**Work to be completed**
Print every record word for word.

==========

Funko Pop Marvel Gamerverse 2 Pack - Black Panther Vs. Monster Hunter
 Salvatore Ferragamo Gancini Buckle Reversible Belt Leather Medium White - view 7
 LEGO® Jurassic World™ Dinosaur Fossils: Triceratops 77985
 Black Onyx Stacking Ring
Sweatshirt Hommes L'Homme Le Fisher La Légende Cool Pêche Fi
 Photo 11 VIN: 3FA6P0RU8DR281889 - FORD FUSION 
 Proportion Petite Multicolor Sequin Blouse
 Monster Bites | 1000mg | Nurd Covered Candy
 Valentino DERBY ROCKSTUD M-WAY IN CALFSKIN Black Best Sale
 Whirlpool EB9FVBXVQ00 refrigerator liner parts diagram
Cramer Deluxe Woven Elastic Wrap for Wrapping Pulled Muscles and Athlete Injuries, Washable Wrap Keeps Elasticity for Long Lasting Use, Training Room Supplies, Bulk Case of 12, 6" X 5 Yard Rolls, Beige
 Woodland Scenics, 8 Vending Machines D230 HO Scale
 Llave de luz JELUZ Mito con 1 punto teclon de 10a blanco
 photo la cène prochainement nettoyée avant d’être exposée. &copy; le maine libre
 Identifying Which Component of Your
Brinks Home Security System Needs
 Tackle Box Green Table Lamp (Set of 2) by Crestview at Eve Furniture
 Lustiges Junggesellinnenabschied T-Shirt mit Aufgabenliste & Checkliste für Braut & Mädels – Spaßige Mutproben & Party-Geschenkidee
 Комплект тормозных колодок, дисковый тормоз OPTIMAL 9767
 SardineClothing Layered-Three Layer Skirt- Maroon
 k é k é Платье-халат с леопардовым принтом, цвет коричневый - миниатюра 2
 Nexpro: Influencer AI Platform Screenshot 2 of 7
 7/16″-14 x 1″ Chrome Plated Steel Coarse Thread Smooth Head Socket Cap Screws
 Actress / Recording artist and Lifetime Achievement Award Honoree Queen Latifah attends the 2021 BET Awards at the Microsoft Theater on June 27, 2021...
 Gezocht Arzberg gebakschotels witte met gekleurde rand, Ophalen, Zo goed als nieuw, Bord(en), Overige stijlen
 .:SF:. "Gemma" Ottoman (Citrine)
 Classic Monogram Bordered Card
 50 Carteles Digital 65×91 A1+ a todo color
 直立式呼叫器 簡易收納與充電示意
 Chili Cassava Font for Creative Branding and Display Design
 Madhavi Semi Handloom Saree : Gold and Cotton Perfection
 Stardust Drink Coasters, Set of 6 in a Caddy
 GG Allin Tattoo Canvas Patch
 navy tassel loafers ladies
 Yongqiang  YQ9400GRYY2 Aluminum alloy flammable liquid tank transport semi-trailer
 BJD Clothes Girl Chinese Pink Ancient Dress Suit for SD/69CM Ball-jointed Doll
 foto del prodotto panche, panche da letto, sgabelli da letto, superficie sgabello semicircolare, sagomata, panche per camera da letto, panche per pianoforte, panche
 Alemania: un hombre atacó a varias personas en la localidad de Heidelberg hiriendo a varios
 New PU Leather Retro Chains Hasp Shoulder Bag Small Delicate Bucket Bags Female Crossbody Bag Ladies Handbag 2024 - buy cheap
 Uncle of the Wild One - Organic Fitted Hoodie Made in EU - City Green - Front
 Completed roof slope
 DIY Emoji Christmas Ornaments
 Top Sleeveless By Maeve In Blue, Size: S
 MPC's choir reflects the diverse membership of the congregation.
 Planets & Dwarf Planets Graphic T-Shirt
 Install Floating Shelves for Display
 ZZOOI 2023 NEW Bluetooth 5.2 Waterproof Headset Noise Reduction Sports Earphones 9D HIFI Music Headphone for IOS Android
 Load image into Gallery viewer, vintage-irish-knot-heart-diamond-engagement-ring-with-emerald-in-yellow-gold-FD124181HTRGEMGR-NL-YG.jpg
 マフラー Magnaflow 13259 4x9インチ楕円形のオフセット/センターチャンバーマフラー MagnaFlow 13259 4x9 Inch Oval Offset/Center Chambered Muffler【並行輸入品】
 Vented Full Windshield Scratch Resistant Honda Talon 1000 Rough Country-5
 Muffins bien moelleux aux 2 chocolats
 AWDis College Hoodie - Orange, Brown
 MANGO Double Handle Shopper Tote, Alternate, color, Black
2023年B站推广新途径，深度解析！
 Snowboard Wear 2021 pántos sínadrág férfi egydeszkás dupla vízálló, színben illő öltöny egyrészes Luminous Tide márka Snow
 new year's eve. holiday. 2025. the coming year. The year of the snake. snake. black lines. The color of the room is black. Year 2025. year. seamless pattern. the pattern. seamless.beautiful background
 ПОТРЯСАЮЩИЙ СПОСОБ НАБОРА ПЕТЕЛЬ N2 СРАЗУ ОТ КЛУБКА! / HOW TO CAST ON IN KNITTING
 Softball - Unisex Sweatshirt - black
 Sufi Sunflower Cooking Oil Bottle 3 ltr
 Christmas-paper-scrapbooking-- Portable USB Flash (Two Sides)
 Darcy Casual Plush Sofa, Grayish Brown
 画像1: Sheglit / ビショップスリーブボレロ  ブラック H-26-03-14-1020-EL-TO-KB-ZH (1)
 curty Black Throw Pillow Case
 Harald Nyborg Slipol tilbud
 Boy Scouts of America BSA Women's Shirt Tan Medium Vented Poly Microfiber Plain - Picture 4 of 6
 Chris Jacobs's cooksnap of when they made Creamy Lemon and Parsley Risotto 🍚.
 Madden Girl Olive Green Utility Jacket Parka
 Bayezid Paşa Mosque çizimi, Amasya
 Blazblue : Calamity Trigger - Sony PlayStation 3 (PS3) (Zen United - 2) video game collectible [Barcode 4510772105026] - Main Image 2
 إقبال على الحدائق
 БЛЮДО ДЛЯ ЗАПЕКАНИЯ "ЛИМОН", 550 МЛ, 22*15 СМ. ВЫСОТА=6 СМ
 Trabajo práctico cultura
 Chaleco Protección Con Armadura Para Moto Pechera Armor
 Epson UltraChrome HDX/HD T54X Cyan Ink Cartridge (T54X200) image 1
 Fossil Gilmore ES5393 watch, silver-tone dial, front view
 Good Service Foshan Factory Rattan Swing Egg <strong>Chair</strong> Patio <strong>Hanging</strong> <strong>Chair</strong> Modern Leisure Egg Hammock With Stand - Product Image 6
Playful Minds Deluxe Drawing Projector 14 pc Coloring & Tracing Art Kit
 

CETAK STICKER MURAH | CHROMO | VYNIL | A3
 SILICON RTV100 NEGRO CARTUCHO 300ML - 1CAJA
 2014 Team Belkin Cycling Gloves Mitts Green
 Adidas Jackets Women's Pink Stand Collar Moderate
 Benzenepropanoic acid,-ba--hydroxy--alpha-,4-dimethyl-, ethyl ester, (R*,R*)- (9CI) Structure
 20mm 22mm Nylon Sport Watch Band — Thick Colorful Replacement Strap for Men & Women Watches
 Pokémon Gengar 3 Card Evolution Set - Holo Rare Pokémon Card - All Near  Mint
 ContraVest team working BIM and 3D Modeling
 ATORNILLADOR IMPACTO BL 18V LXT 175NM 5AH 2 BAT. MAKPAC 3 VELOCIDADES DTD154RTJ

==========

**Solution for this exercise**
Funko Pop Marvel Gamerverse 2 Pack - Black Panther Vs. Monster Hunter
 Salvatore Ferragamo Gancini Buckle Reversible Belt Leather Medium White - view 7
 LEGO® Jurassic World™ Dinosaur Fossils: Triceratops 77985
 Black Onyx Stacking Ring
Sweatshirt Hommes L'Homme Le Fisher La Légende Cool Pêche Fi
 Photo 11 VIN: 3FA6P0RU8DR281889 - FORD FUSION 
 Proportion Petite Multicolor Sequin Blouse
 Monster Bites | 1000mg | Nurd Covered Candy
 Valentino DERBY ROCKSTUD M-WAY IN CALFSKIN Black Best Sale
 Whirlpool EB9FVBXVQ00 refrigerator liner parts diagram
Cramer Deluxe Woven Elastic Wrap for Wrapping Pulled Muscles and Athlete Injuries, Washable Wrap Keeps Elasticity for Long Lasting Use, Training Room Supplies, Bulk Case of 12, 6" X 5 Yard Rolls, Beige
 Woodland Scenics, 8 Vending Machines D230 HO Scale
 Llave de luz JELUZ Mito con 1 punto teclon de 10a blanco
 photo la cène prochainement nettoyée avant d’être exposée. &copy; le maine libre
 Identifying Which Component of Your
Brinks Home Security System Needs
 Tackle Box Green Table Lamp (Set of 2) by Crestview at Eve Furniture
 Lustiges Junggesellinnenabschied T-Shirt mit Aufgabenliste & Checkliste für Braut & Mädels – Spaßige Mutproben & Party-Geschenkidee
 Комплект тормозных колодок, дисковый тормоз OPTIMAL 9767
 SardineClothing Layered-Three Layer Skirt- Maroon
 k é k é Платье-халат с леопардовым принтом, цвет коричневый - миниатюра 2
 Nexpro: Influencer AI Platform Screenshot 2 of 7
 7/16″-14 x 1″ Chrome Plated Steel Coarse Thread Smooth Head Socket Cap Screws
 Actress / Recording artist and Lifetime Achievement Award Honoree Queen Latifah attends the 2021 BET Awards at the Microsoft Theater on June 27, 2021...
 Gezocht Arzberg gebakschotels witte met gekleurde rand, Ophalen, Zo goed als nieuw, Bord(en), Overige stijlen
 .:SF:. "Gemma" Ottoman (Citrine)
 Classic Monogram Bordered Card
 50 Carteles Digital 65×91 A1+ a todo color
 直立式呼叫器 簡易收納與充電示意
 Chili Cassava Font for Creative Branding and Display Design
 Madhavi Semi Handloom Saree : Gold and Cotton Perfection
 Stardust Drink Coasters, Set of 6 in a Caddy
 GG Allin Tattoo Canvas Patch
 navy tassel loafers ladies
 Yongqiang  YQ9400GRYY2 Aluminum alloy flammable liquid tank transport semi-trailer
 BJD Clothes Girl Chinese Pink Ancient Dress Suit for SD/69CM Ball-jointed Doll
 foto del prodotto panche, panche da letto, sgabelli da letto, superficie sgabello semicircolare, sagomata, panche per camera da letto, panche per pianoforte, panche
 Alemania: un hombre atacó a varias personas en la localidad de Heidelberg hiriendo a varios
 New PU Leather Retro Chains Hasp Shoulder Bag Small Delicate Bucket Bags Female Crossbody Bag Ladies Handbag 2024 - buy cheap
 Uncle of the Wild One - Organic Fitted Hoodie Made in EU - City Green - Front
 Completed roof slope
 DIY Emoji Christmas Ornaments
 Top Sleeveless By Maeve In Blue, Size: S
 MPC's choir reflects the diverse membership of the congregation.
 Planets & Dwarf Planets Graphic T-Shirt
 Install Floating Shelves for Display
 ZZOOI 2023 NEW Bluetooth 5.2 Waterproof Headset Noise Reduction Sports Earphones 9D HIFI Music Headphone for IOS Android
 Load image into Gallery viewer, vintage-irish-knot-heart-diamond-engagement-ring-with-emerald-in-yellow-gold-FD124181HTRGEMGR-NL-YG.jpg
 マフラー Magnaflow 13259 4x9インチ楕円形のオフセット/センターチャンバーマフラー MagnaFlow 13259 4x9 Inch Oval Offset/Center Chambered Muffler【並行輸入品】
 Vented Full Windshield Scratch Resistant Honda Talon 1000 Rough Country-5
 Muffins bien moelleux aux 2 chocolats
 AWDis College Hoodie - Orange, Brown
 MANGO Double Handle Shopper Tote, Alternate, color, Black
2023年B站推广新途径，深度解析！
 Snowboard Wear 2021 pántos sínadrág férfi egydeszkás dupla vízálló, színben illő öltöny egyrészes Luminous Tide márka Snow
 new year's eve. holiday. 2025. the coming year. The year of the snake. snake. black lines. The color of the room is black. Year 2025. year. seamless pattern. the pattern. seamless.beautiful background
 ПОТРЯСАЮЩИЙ СПОСОБ НАБОРА ПЕТЕЛЬ N2 СРАЗУ ОТ КЛУБКА! / HOW TO CAST ON IN KNITTING
 Softball - Unisex Sweatshirt - black
 Sufi Sunflower Cooking Oil Bottle 3 ltr
 Christmas-paper-scrapbooking-- Portable USB Flash (Two Sides)
 Darcy Casual Plush Sofa, Grayish Brown
 画像1: Sheglit / ビショップスリーブボレロ  ブラック H-26-03-14-1020-EL-TO-KB-ZH (1)
 curty Black Throw Pillow Case
 Harald Nyborg Slipol tilbud
 Boy Scouts of America BSA Women's Shirt Tan Medium Vented Poly Microfiber Plain - Picture 4 of 6
 Chris Jacobs's cooksnap of when they made Creamy Lemon and Parsley Risotto 🍚.
 Madden Girl Olive Green Utility Jacket Parka
 Bayezid Paşa Mosque çizimi, Amasya
 Blazblue : Calamity Trigger - Sony PlayStation 3 (PS3) (Zen United - 2) video game collectible [Barcode 4510772105026] - Main Image 2
 إقبال على الحدائق
 БЛЮДО ДЛЯ ЗАПЕКАНИЯ "ЛИМОН", 550 МЛ, 22*15 СМ. ВЫСОТА=6 СМ
 Trabajo práctico cultura
 Chaleco Protección Con Armadura Para Moto Pechera Armor
 Epson UltraChrome HDX/HD T54X Cyan Ink Cartridge (T54X200) image 1
 Fossil Gilmore ES5393 watch, silver-tone dial, front view
 Good Service Foshan Factory Rattan Swing Egg <strong>Chair</strong> Patio <strong>Hanging</strong> <strong>Chair</strong> Modern Leisure Egg Hammock With Stand - Product Image 6
Playful Minds Deluxe Drawing Projector 14 pc Coloring & Tracing Art Kit
 

CETAK STICKER MURAH | CHROMO | VYNIL | A3
 SILICON RTV100 NEGRO CARTUCHO 300ML - 1CAJA
 2014 Team Belkin Cycling Gloves Mitts Green
 Adidas Jackets Women's Pink Stand Collar Moderate
 Benzenepropanoic acid,-ba--hydroxy--alpha-,4-dimethyl-, ethyl ester, (R*,R*)- (9CI) Structure
 20mm 22mm Nylon Sport Watch Band — Thick Colorful Replacement Strap for Men & Women Watches
 Pokémon Gengar 3 Card Evolution Set - Holo Rare Pokémon Card - All Near  Mint
 ContraVest team working BIM and 3D Modeling
 ATORNILLADOR IMPACTO BL 18V LXT 175NM 5AH 2 BAT. MAKPAC 3 VELOCIDADES DTD154RTJ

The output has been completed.